Problem statement. Print the whole listing again exactly as it stands, leaving out any images.

Source material.
-=-=-

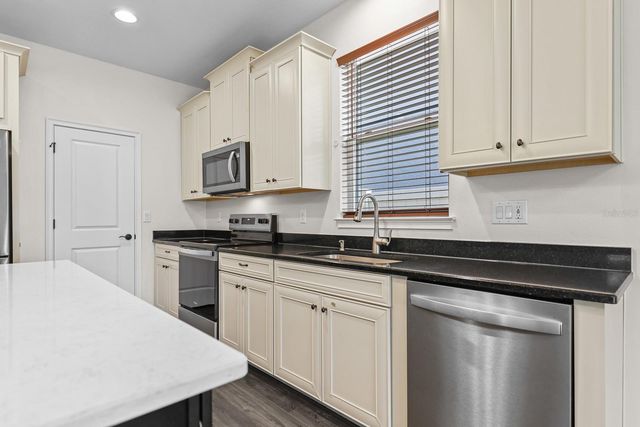 10733 PLANER PICKET DRIVE, Riverview, FL 33569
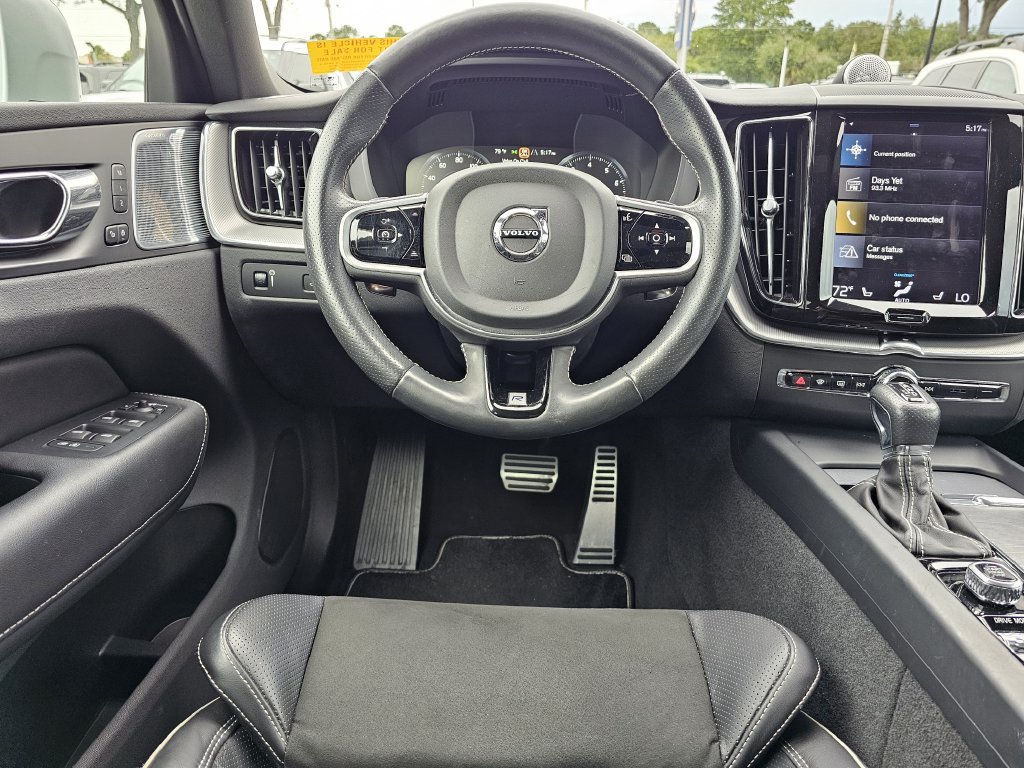 Used 2018 Volvo XC60 T6 R-Design w/ Convenience Package AWD/4WD image 13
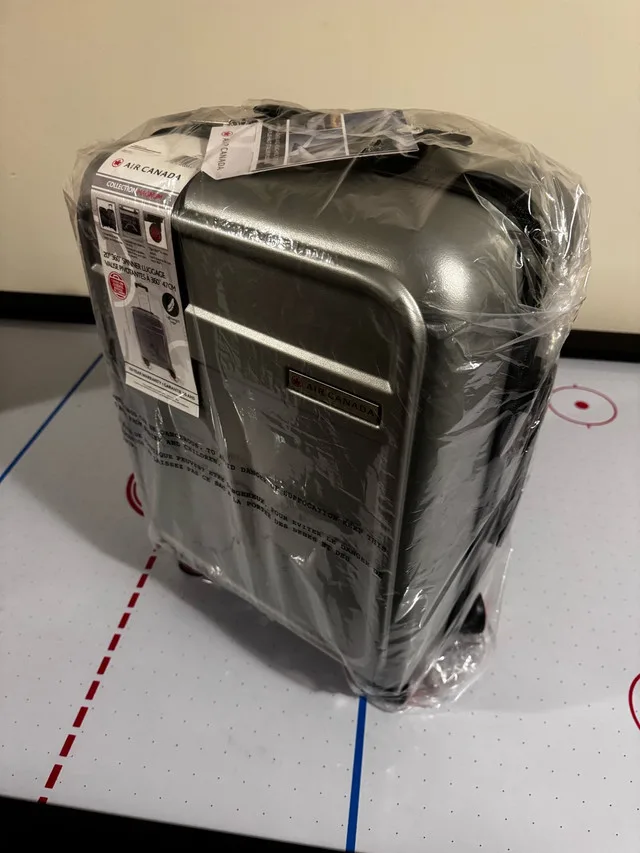 Air Canada Carry-on Luggage 🥕🥕 image indicator(4)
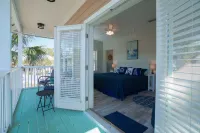 Florida Fun on 30A Steps from Rosemary & Alys Beach Fun Lagoon Pool 4 Free Bikes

-=-=-

Reply to the exercise.
 10733 PLANER PICKET DRIVE, Riverview, FL 33569
 Used 2018 Volvo XC60 T6 R-Design w/ Convenience Package AWD/4WD image 13
 Air Canada Carry-on Luggage 🥕🥕 image indicator(4)
 Florida Fun on 30A Steps from Rosemary & Alys Beach Fun Lagoon Pool 4 Free Bikes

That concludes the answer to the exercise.